Available data START

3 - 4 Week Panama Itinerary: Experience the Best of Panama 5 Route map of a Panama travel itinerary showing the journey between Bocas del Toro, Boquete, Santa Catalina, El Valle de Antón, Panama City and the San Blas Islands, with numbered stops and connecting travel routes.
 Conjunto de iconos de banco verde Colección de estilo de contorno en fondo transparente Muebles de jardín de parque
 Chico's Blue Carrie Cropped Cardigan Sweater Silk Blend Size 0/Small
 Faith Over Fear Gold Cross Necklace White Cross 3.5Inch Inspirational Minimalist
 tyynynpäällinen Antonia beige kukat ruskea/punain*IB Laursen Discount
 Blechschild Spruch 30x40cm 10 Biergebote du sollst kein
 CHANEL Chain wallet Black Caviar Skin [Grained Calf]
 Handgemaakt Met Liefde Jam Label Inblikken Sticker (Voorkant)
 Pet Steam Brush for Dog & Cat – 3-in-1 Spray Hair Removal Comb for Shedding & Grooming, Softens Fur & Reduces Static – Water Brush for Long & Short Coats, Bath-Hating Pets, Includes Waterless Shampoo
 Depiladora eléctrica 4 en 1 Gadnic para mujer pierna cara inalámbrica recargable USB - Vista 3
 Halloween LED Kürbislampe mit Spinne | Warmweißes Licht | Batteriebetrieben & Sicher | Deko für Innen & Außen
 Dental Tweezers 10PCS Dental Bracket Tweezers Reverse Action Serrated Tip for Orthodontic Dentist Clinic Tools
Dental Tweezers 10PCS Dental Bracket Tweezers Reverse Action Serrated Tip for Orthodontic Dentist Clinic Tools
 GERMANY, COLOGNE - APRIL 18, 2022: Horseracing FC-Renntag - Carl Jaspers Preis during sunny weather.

Available data END

* [Problem to solve]:
The number of lines above where the word "Bracket" occurs, and only that number, is the answer.

* [Solution for this problem]:
2